Et en plus, à moins que la loi ne change avant le moment de la livraison des six cuvées, ce sont les vignerons eux-mêmes qui iront porter leurs bouteilles aux membres de leur groupe. On peut difficilement rêver d’un service plus personnalisé.

Une des principales raisons qui ont motivé la création du Conclave est aussi de réunir ces fidèles, notamment par l’intermédiaire d’un groupe privé sur Facebook où les vignerons échangent des informations qui intéressent davantage les passionnés de viticulture que l’amateur de vin moyen.

« Ça n’est pas un coup de marketing, on fait ça parce qu’on aime parler de nos vins avec des gens intéressés. » Et cela crée un sentiment d’appartenance recherché par une partie de la clientèle.

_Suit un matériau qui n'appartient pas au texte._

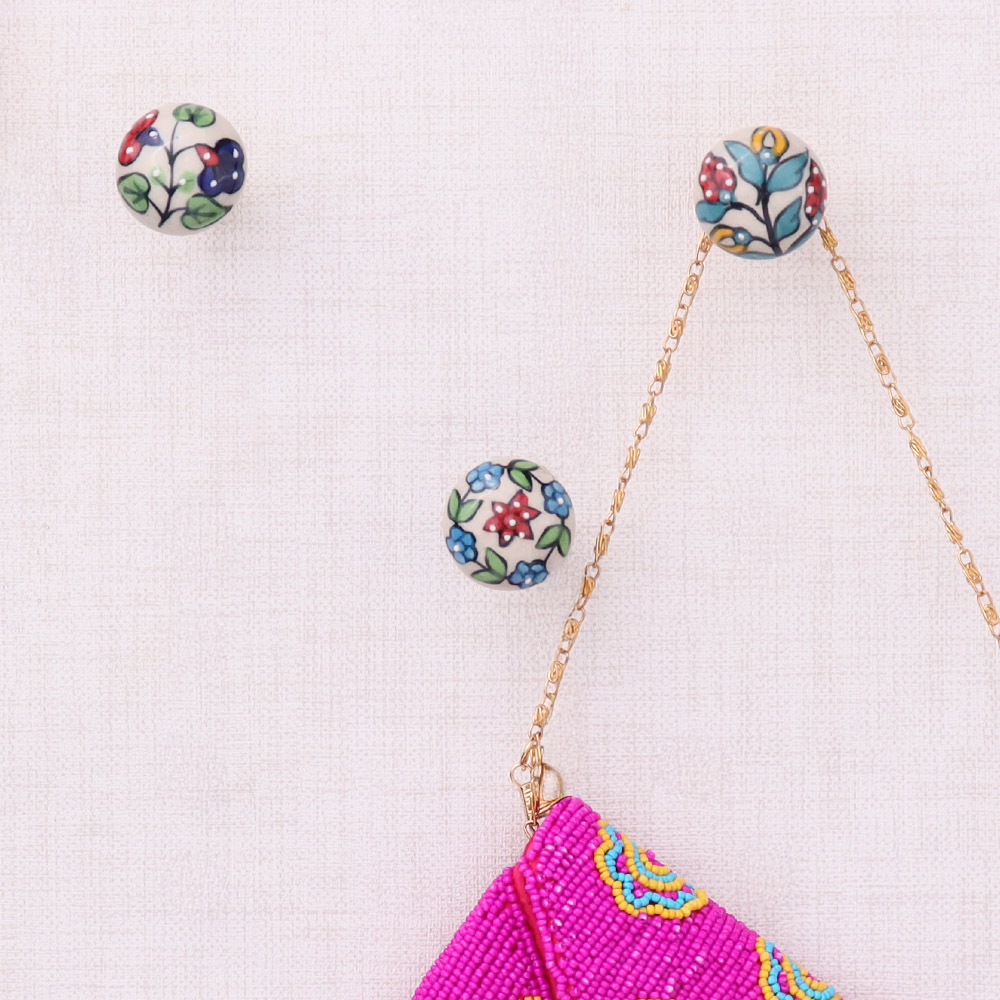 Multicolor Floral Ceramic Wall Hooks-3 Pieces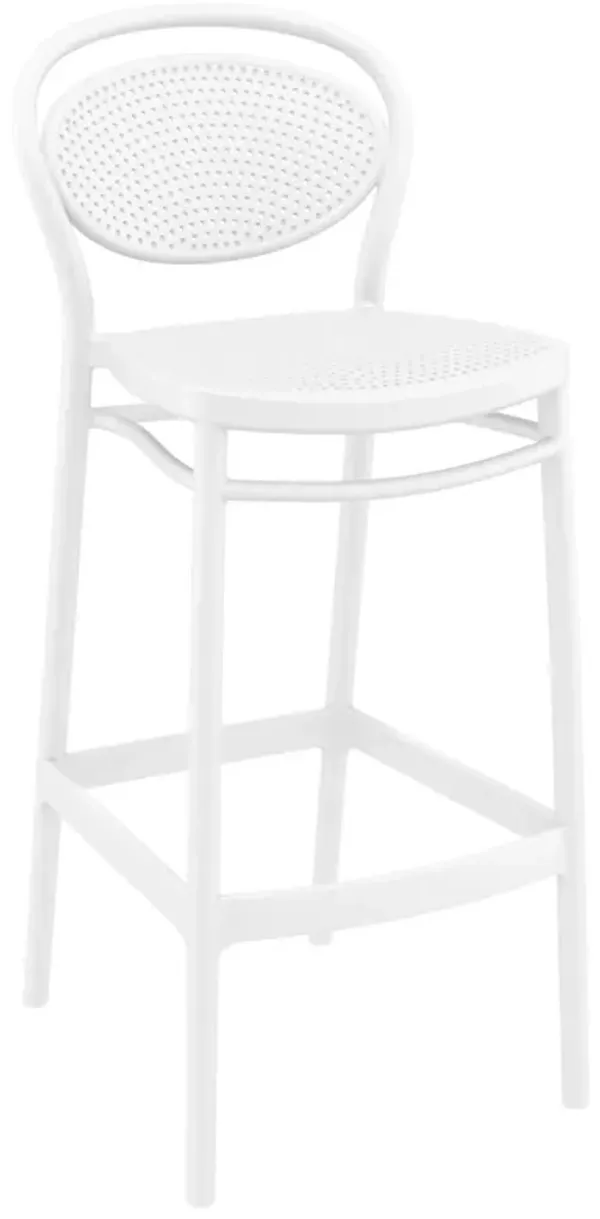41.75" White Outdoor Patio Bar Stool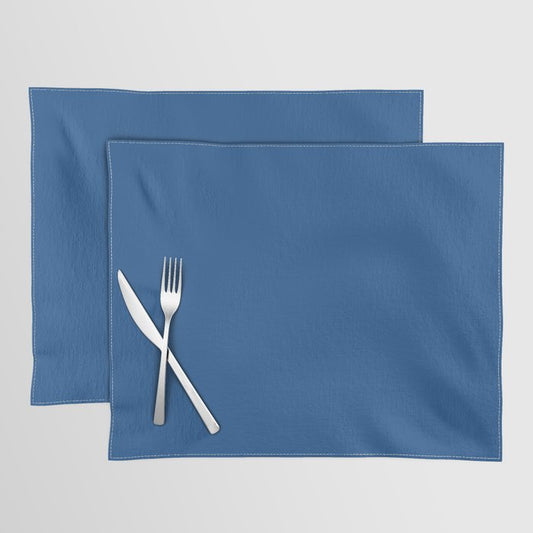 Dark Blue Solid Color Pairs 2023 Trending Hue Dunn-Edwards Follow My Blue Bliss DEFD52  - Liberated Nomads Collection Placemat Sets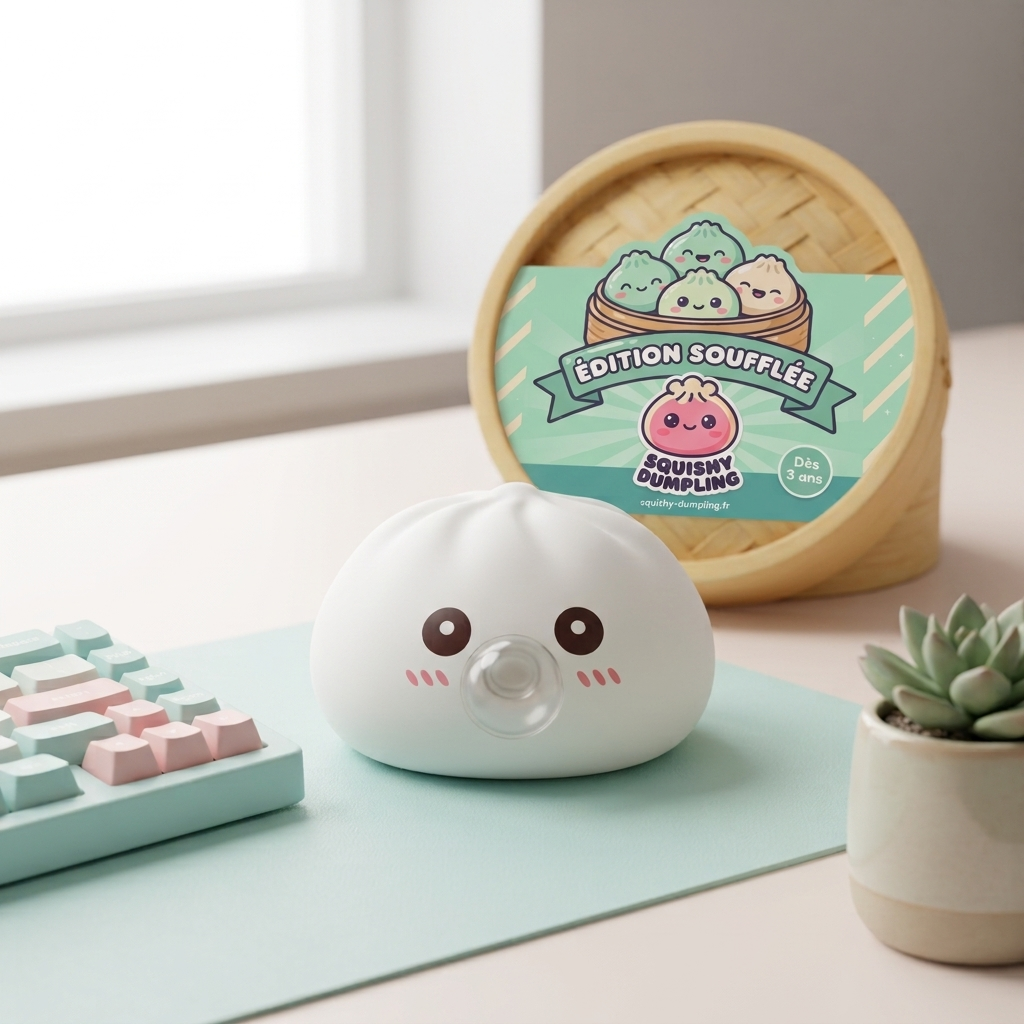 Giant Dumpling Squishy Blanc Nuage en ambiance sur un bureau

Sara Gaston, directrice générale du Vignoble du Ruisseau, de Dunham confirme : la création d’un club crée inévitablement un sentiment d’appartenance parmi ses membres. Et vice-versa : pour les vignerons, c’est aussi très valorisant d’avoir une clientèle sélecte, qui choisit d’aller sur place chercher ses vins, si c’est ce qu’elle souhaite.

Il y a 250 membres dans le club. L’entreprise souhaite doubler la taille du groupe qui a accès en priorité aux vins et spiritueux, parfois en exclusivité pour des créations rares. Idem pour certaines bouteilles vieillies.

PHOTO EDOUARD PLANTE-FRÉCHETTE, ARCHIVES LA PRESSE

Sara Gaston

« C’est un modèle qui interpelle les vrais amateurs de vins », précise Sara Gaston qui était elle-même adepte de ce genre de groupe dans des vignobles canadiens.

Le Vignoble du Ruisseau a stratégiquement choisi le moment de ses envois de vins, trois par année, dans des périodes plus tranquilles en achalandage et, donc, en revenus.

D’autres entreprises choisissent ce genre de programme qui offre des services VIP à une partie de la clientèle. Au Domaine Bergeville, un des très rares vignobles certifiés biodynamiques au Québec, le club (400 $ de frais annuels pour neuf vins) permet de participer au dosage des vins effervescents, spécialité de la maison. Ici comme ailleurs, les membres sont traités aux petits oignons.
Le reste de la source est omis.